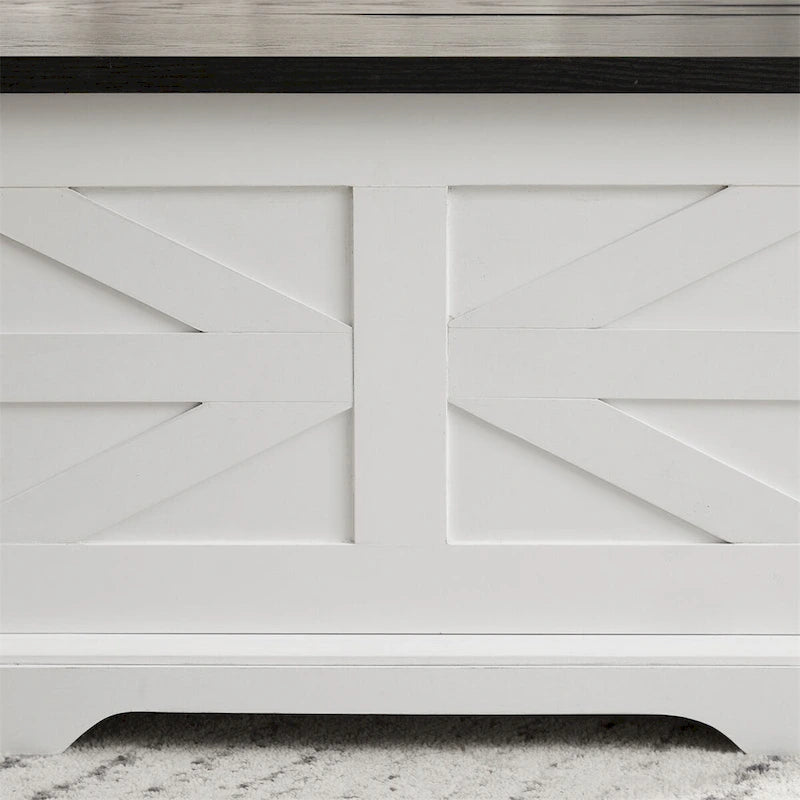 Farmhouse Coffee Table,Square Wood Center Table w/Storage Compartment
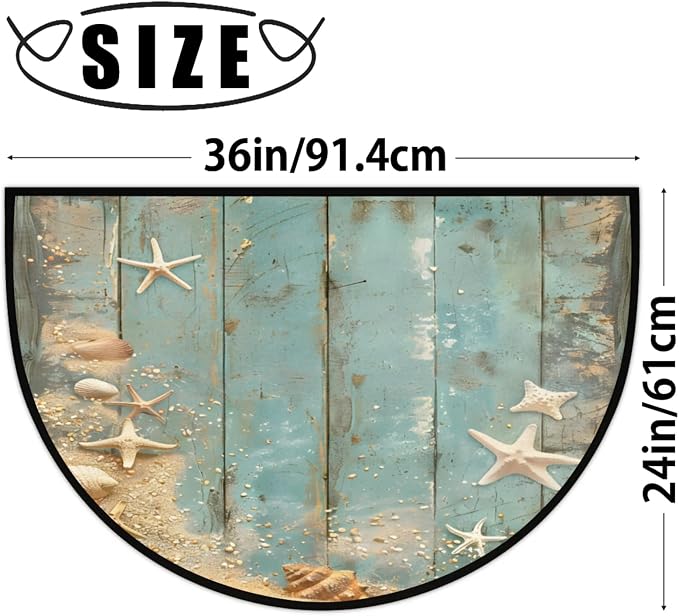 Half Round Doormat Wooden Background Starfish Shells Non Slip Half Circle Area Rugs Indoor Washable Half Moon Rug Semi Circle Bathroom Runner Mat Entrance Floor Carpet for Kithen Bedroom Fireplace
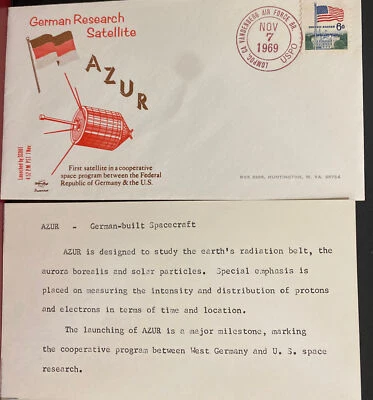 SpaceCraft Swanson #257 AZUR German Coop Research Satellite VAFB Nov 7 1969 - Image 1 of 4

Problem requirements => The lines wanted are those from the start of the material above through the line with "Half Round Doormat", both included; print them exactly and skip any picture.

Answer box =>
 Farmhouse Coffee Table,Square Wood Center Table w/Storage Compartment
 Half Round Doormat Wooden Background Starfish Shells Non Slip Half Circle Area Rugs Indoor Washable Half Moon Rug Semi Circle Bathroom Runner Mat Entrance Floor Carpet for Kithen Bedroom Fireplace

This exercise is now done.